Tuesday, July 13, 2010

Twilight: The Franchise That Ate Feminism (The Guardian, UK)

Anyway, Bella's like totally in love with him, and it's this that justifies the sacrifice of her human life. After all, Edward has qualities to die for. His determination to protect Bella's best interests verges on the abusively controlling. In particular, unusually for a well-favoured suitor, he's prepared to contain his carnal urges lest their gratification harm his beloved.

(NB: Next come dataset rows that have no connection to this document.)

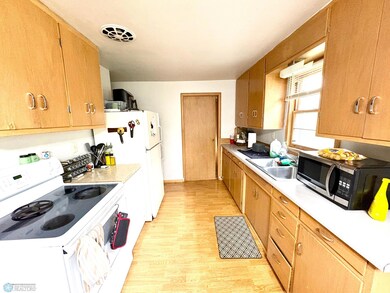 826 10th Ave S, Moorhead, MN 56560 - photo 5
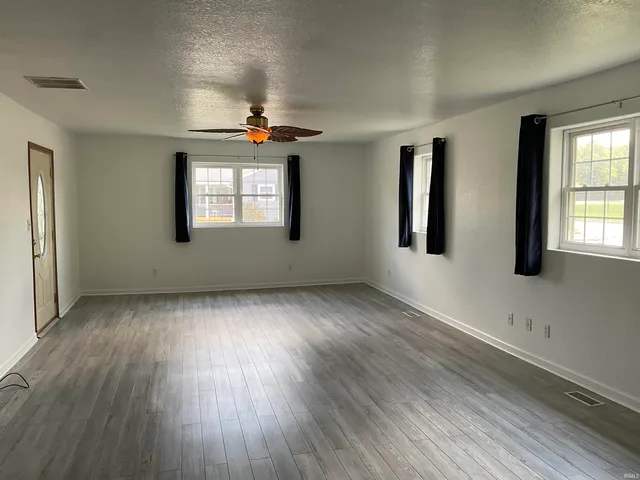 $1,400 | 107 North Rufus Street, New Haven, IN 46774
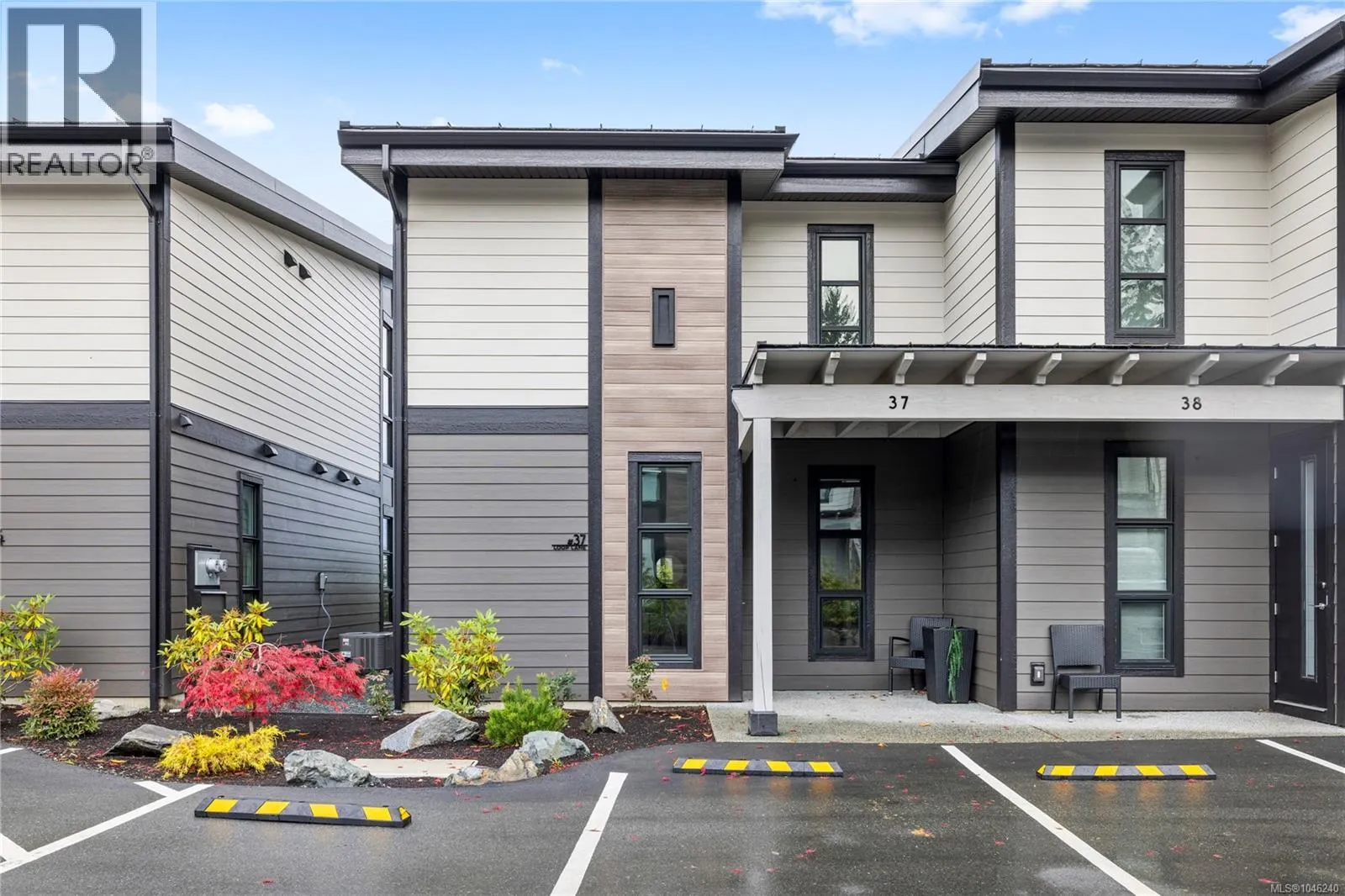 37 1175 RESORT Dr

A warm-blooded rival for Bella's affections is available. Like Edward, Jacob the werewolf wants only what's best for her, but he's not as handsome as Edward, so nuts to him. In a climactic argument, the two guys debate what's best for her. As they decide her future she sleeps between them, the epitome of submissive passivity.
I will admit to reading the first book in this trilogy, and since I'm being honest, I will also admit that I didn't love it. Finally, I will admit that if I thought Robert Pattison was even remotely attractive, I may have been convinced to check out at least the first of the films. But I don't, so I didn't. But even after all those personal confessions, I understand it's appeal, and maybe if I were 15 I'd be gaga over the series, but alas, I am not. I wouldn't necessarily have made the connection to feminism that the article makes, but I think it's at least valid enough to consider.